Records for the exercise section start

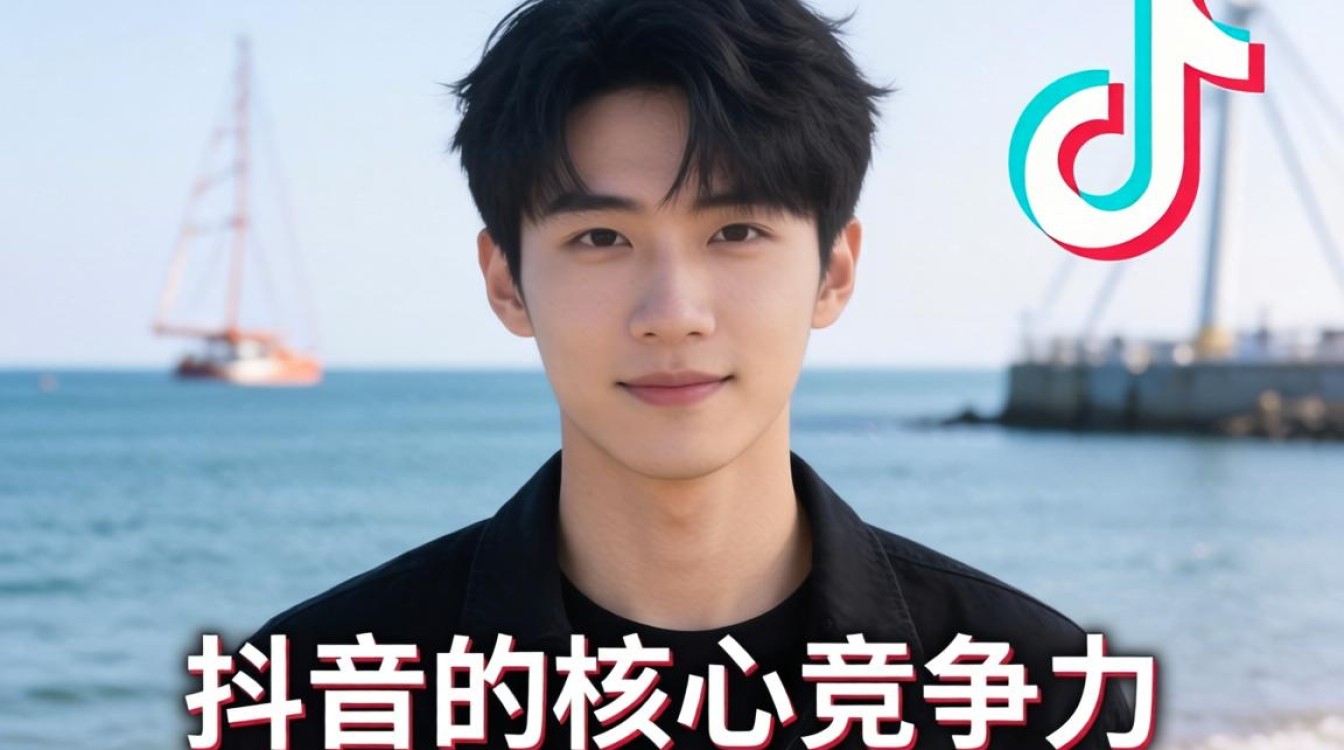 TikTok 短剧如何去重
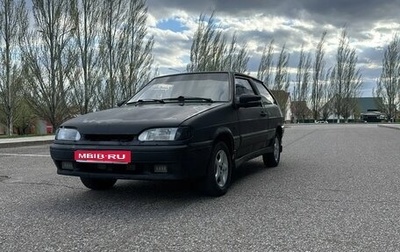 Volkswagen Golf V, 2006 год, 85 000 рублей, 1 фотография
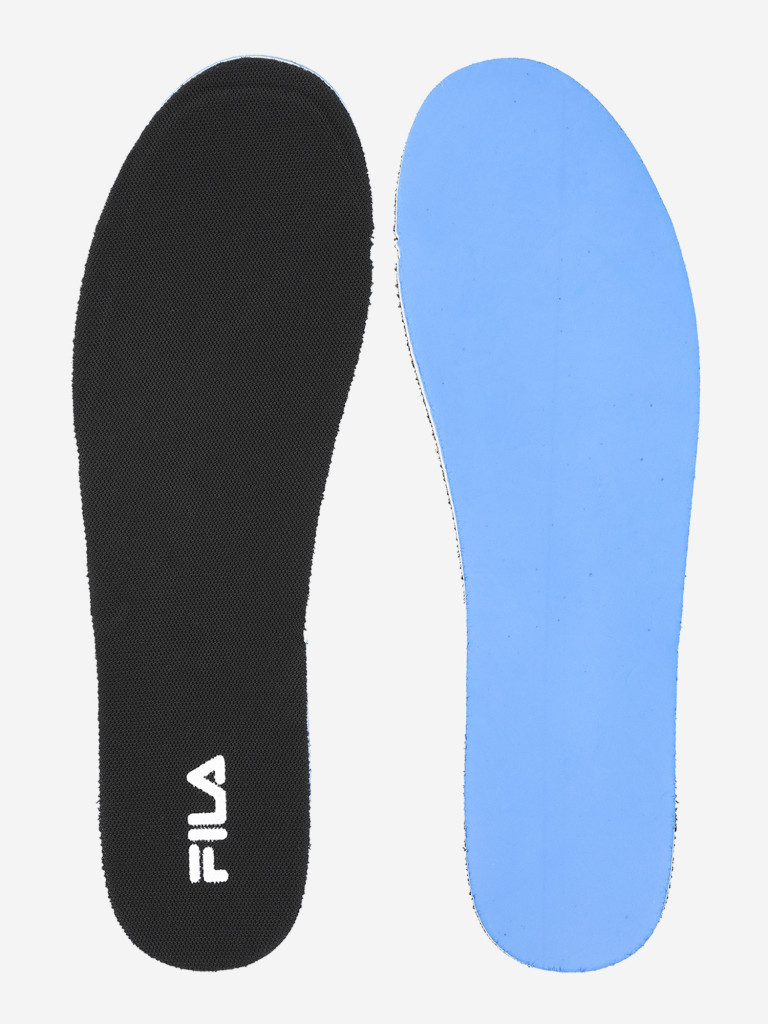 Кроссовки мужские FILA Base 3.0 Cl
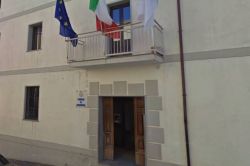 Casabona e Badolato, prorogato per altri sei mesi lo scioglimento dei Consigli comunali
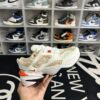 Shoes - 图片 5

Records for the exercise section end

To do: Output, exactly, all the records above; include no pictures.

Task solution:
 TikTok 短剧如何去重
 Volkswagen Golf V, 2006 год, 85 000 рублей, 1 фотография
 Кроссовки мужские FILA Base 3.0 Cl
 Casabona e Badolato, prorogato per altri sei mesi lo scioglimento dei Consigli comunali
 Shoes - 图片 5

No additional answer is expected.